Se escandaliza la plutocracia cristiana de Occidente porque musulmanes extremistas acudan a las armas, a la propaganda y al terror para expandir su Estado Islámico (EI) en nombre de Alá. Pero con medios iguales, en nombre de Cristo y contra “el eje del mal”, respondió George Bush a la atrocidad de las Torres Gemelas en 2001. Y no mató a 90 –última cosecha del wahabismo en este ramadán, que se suma a sus incontables víctimas–. Bush pulverizó en su represalia a decenas de miles de “infieles” inocentes en Irak, con bombas de sus aviones de guerra. Nunca se supo cuántos prisioneros padecieron torturas horrendas en Abu Ghraib por soldados del mandatario gringo que gobernaba con una secta protestante tan inflexible, o más, que la del nuevo califato islámico.

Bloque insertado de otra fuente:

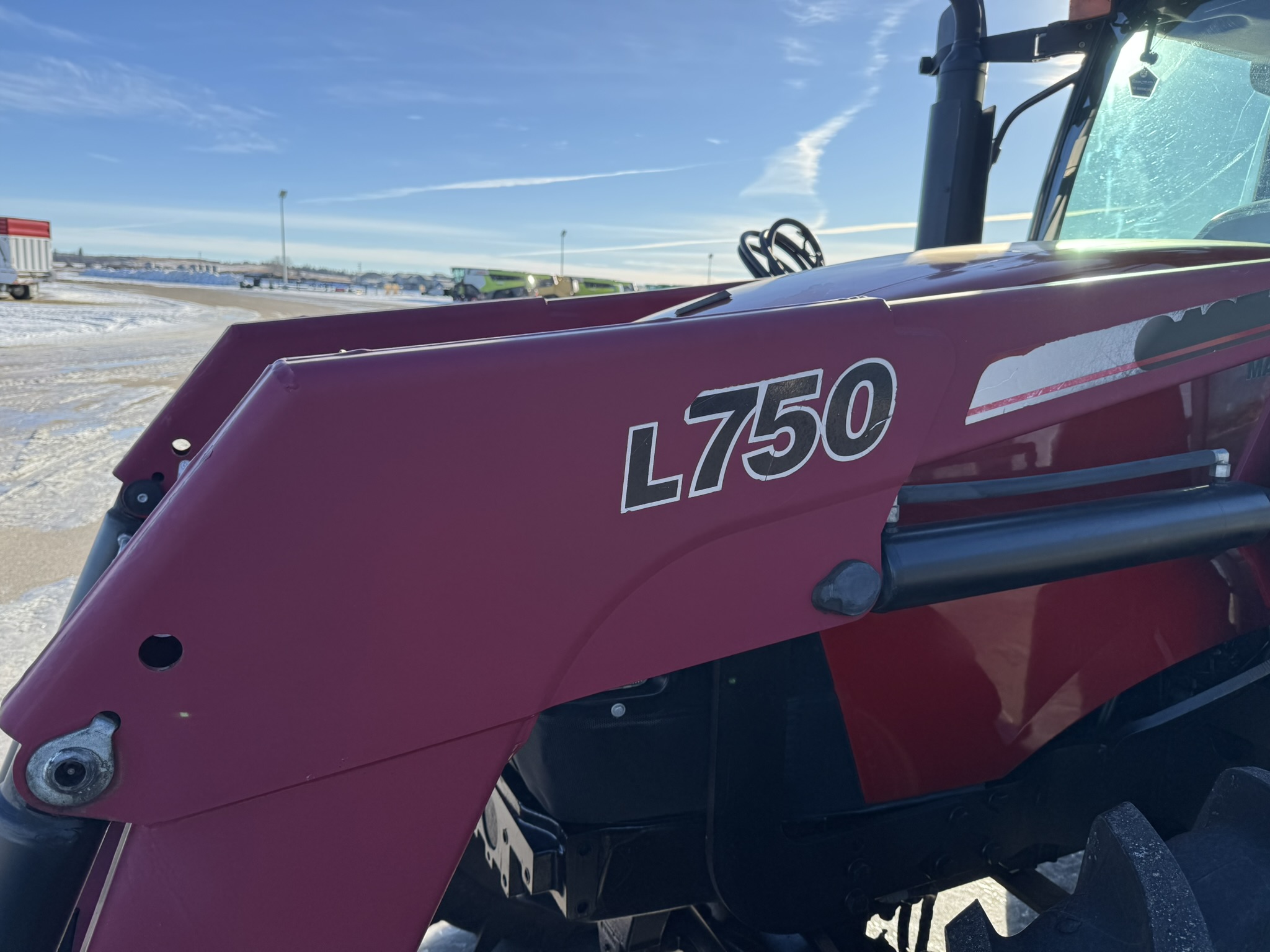 2008 Case IH Maxxum 115 Tractor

Tan inflexible, o más, que la lefebvrista de nuestro procurador Ordóñez, nostálgico de guerra santa que no despacha con la Constitución laica sino con su propio Corán: la Biblia.
Hipócritas, magnifican el sacrificio de “herejes” chiítas por fundamentalistas islámicos, de turistas “infieles” en playas de Túnez, de soldados en trincheras enemigas. Anatema, vociferan, que el EI quiera compactar pueblos en una fe incontaminada y exclusiva, fuente del gobierno uno, inquebrantable de los sacerdotes. Ideal de teocracia que todos los monoteísmos persiguieron en la Edad Media, y cuyo campeón fue el cristianismo mediante dos instrumentos que la humanidad evoca con horror: las cruzadas contra mahometanos y judíos, los infieles, de un lado; del otro, la Santa Inquisición. Máquina de formato religioso y propósito político que durante seis siglos torturó, descoyuntó y quemó vivo a todo sospechoso de pensar por su cuenta: el hereje. Purgado así el rebaño, unido en el temor de Dios y sus ejércitos, papas y emperadores, reyes y cardenales compartieron trono, en un brazo la mitra, la espada en el otro.
Como se recordará, la Inquisición ejecutó a todo aquel que representó una amenaza potencial contra la homogeneidad religiosa de la comunidad, corolario del poder del Estado absoluto. La fe era entonces cosa pública, no privada. Escenificada para el público, la muerte del reo fue espectáculo terrorífico que aseguró sumisión sin reservas en la muchedumbre. Hubo también inquisidores protestantes.Calvino, dictador teócrata de Ginebra, mandó al humanista Miguel Servet a la hoguera, por preconizar el regreso al evangelio de Jesús y negar la Trinidad. Inmigrantes puritanos, herederos del ginebrino, replicaron en Norteamérica la teocracia oligárquica del maestro, y fueron a su vez los antecesores de George Bush.
Abruma menos esta historia que su resurrección en pleno siglo XXI. Pues hace siglos las revoluciones liberales separaron a la Iglesia del Estado, enterraron el derecho divino de los reyes y le adjudicaron a la religión el ámbito de la vida privada, lejos del poder público. Es esto acaso lo que debería sorprender. Abundó la Inquisición en decapitaciones que militantes del EI parecen emular hoy; en torturas que soldados gringos imitan en Oriente Medio. Y con mira semejante a la del pasado: juntar política y religión en un mismo haz de poder. ¿No es ese el cometido de los estados que conforman el Corredor Bíblico en Estados Unidos? ¿El del EI? ¿El del lefebvrismo criollo?
Contra el adefesio de una Iglesia que se dice portadora de amor convertida en máquina de terror, ha sabido apañárselas ella misma para recuperar la grey. Entre otras, por su capacidad para generar “deslumbrantes anticipaciones”, diría el escritor Carlos Jiménez. Como la conmovedora encíclica de Francisco que reivindica el grito de la tierra y de los pobres. Antípoda del terrorismo que practicó en su hora, y que el Estado Islámico despliega hoy.